Now that you have downloaded the complete inference.py file, there are two options to test your model before compressing the files and uploading them to Amazon S3:
Test the inference.py functions on your custom container within an Amazon Elastic Compute Cloud (Amazon EC2) instance
Test your endpoint on a local mode SageMaker endpoint (requires a GPU or GPU-based workspace for this model)
Before you start this step, download the Prithvi model artifacts and the Prithvi flood fine-tuning of the model. The first link will provide all of the model data from the base Prithvi model, and the flood fine-tuning of the model builds upon the model to perform flood plain detection on satellite images. Install git-lfs using brew on Mac or using https://git-lfs.com/ on Windows to install the GitHub repo’s large files.
To create a SageMaker model on the SageMaker console, you must store your model data within Amazon S3 because your SageMaker endpoint will pull your model artifacts directly from Amazon S3 using a tar.gz format. Within your tar.gz file, the data must have a specific file format defined by SageMaker. The following is the file structure for the Prithvi foundation model (our requirements are installed on the container, so requirements.txt has been left intentionally blank):
./model
./model/code/inference.py
./model/code/sen1floods11_Prithvi_100M.py (extended model config)
./model/code/sen1floods11_Prithvi_100M.pth (extended model weights)
./model/code/requirements.txt
./model/code/prithvi/Prithvi_100M.pt (extended model weights)
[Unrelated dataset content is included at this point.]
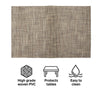 REGENT PLACE MATS WOVEN PVC BEIGE BLISS 4PK ROLL, 300X450MM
./model/code/prithvi/Prithvi_100M_config.yaml (model config)
./model/code/prithvi/Prithvi.py (model)
This folder structure remains true for other models as well. The /code folder must hold the inference.py file and any files used within inference.py. These additional files are generally model artifacts (configs, weights, and so on). In our case, this will be the whole Prithvi base model folder as well as the weights and configs for the fine-tuned version we will use. Because we have already installed these packages within our container, this is not used; however, there still must be a requirements.txt file, otherwise your endpoint will fail to build. All other files belong in the root folder.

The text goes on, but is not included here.